Problem:
Would you restate, word for word, only the lines starting at the one with "The Gourmet Gamer" and ending with the final line of the entries below? Pictures stay out.

-------- Source data --------

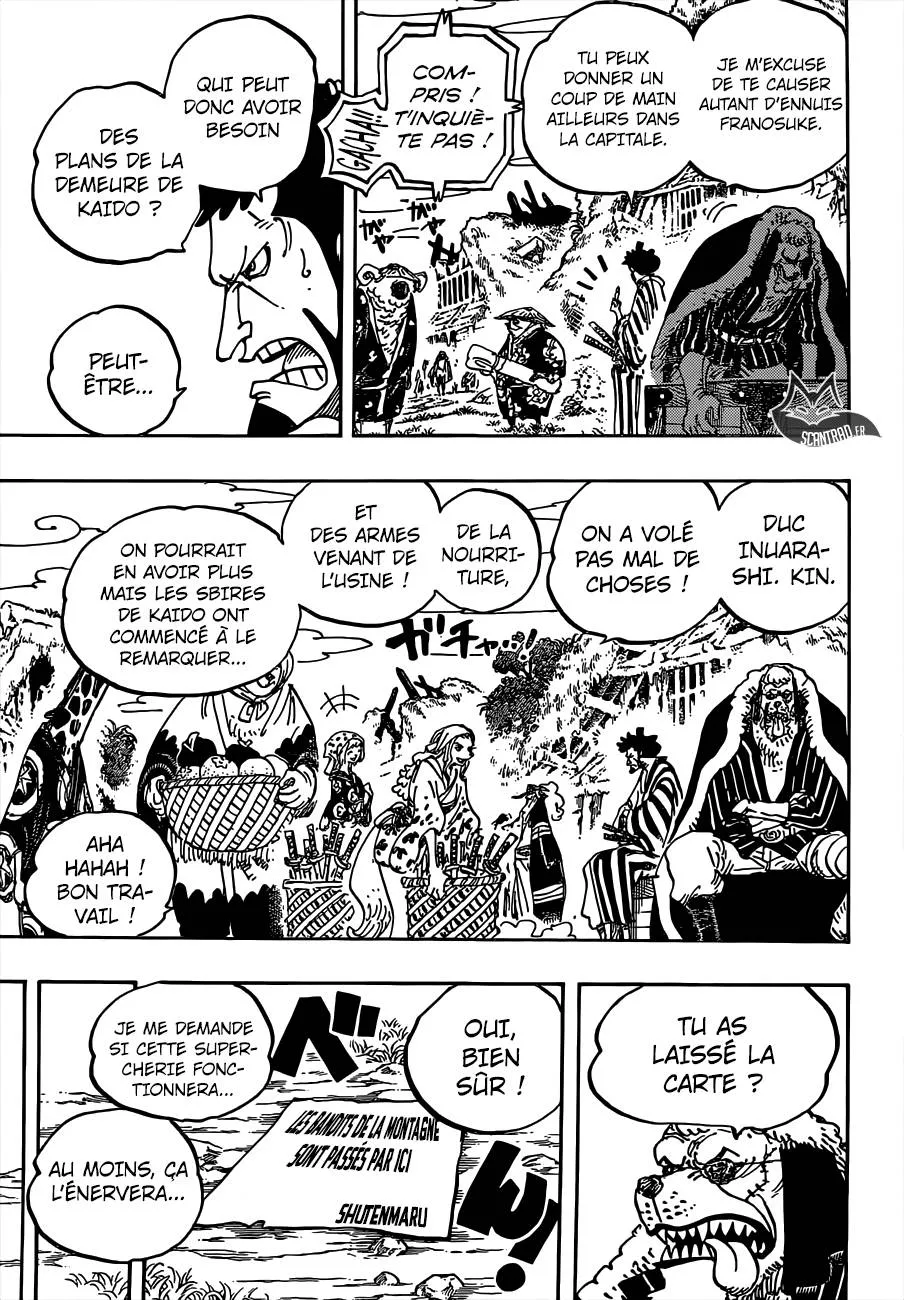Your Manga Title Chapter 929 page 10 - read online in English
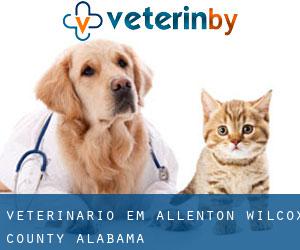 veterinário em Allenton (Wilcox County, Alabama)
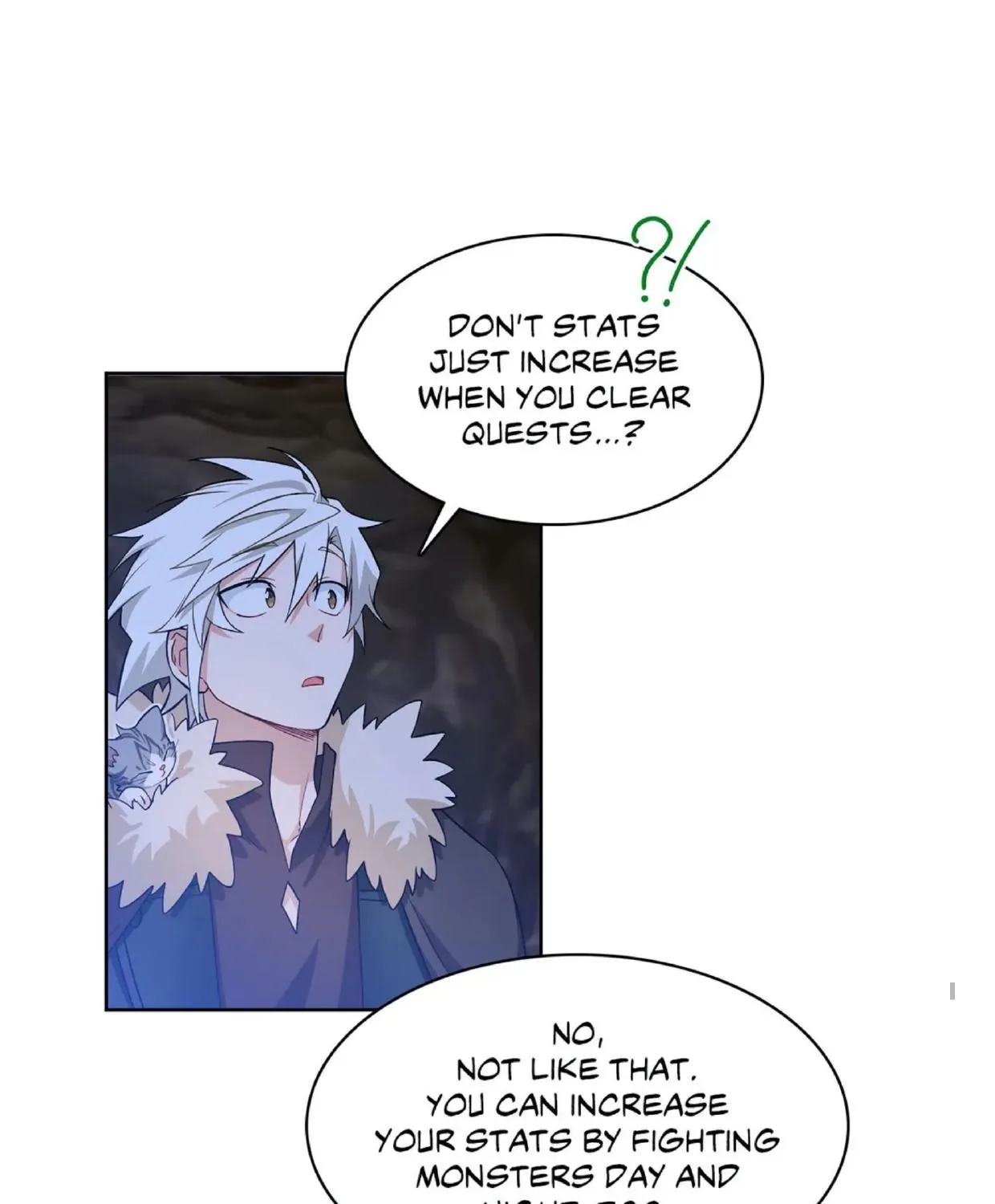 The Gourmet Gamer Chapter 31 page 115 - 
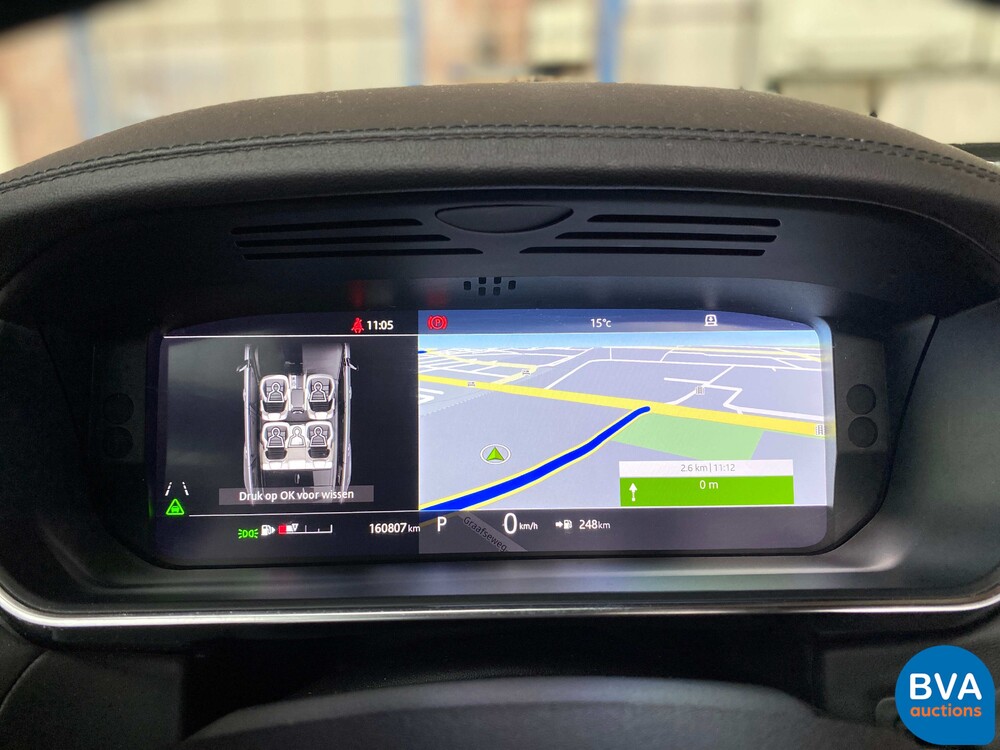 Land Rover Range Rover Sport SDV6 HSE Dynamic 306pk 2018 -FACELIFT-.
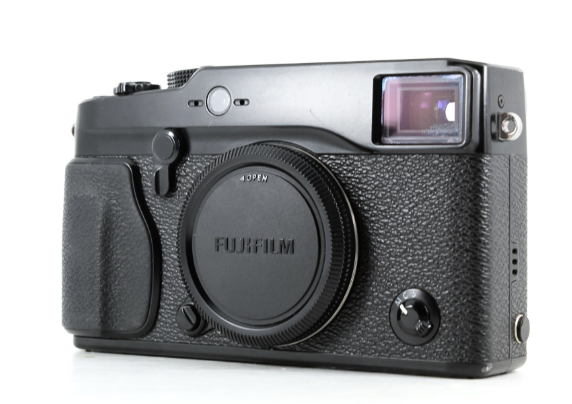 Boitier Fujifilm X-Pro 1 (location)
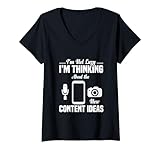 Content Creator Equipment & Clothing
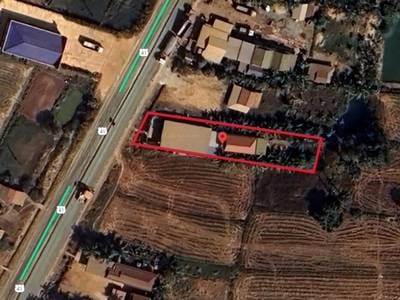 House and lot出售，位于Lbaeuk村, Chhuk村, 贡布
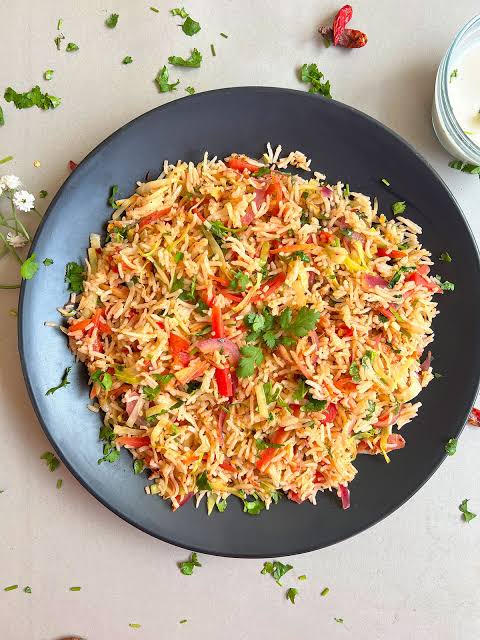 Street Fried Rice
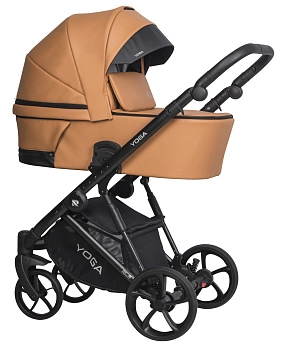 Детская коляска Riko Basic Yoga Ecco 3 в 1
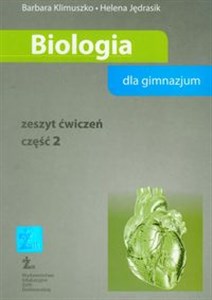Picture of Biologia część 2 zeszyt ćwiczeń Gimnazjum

--------

Response area:
 The Gourmet Gamer Chapter 31 page 115 - 
 Land Rover Range Rover Sport SDV6 HSE Dynamic 306pk 2018 -FACELIFT-.
 Boitier Fujifilm X-Pro 1 (location)
 Content Creator Equipment & Clothing
 House and lot出售，位于Lbaeuk村, Chhuk村, 贡布
 Street Fried Rice
 Детская коляска Riko Basic Yoga Ecco 3 в 1
Picture of Biologia część 2 zeszyt ćwiczeń Gimnazjum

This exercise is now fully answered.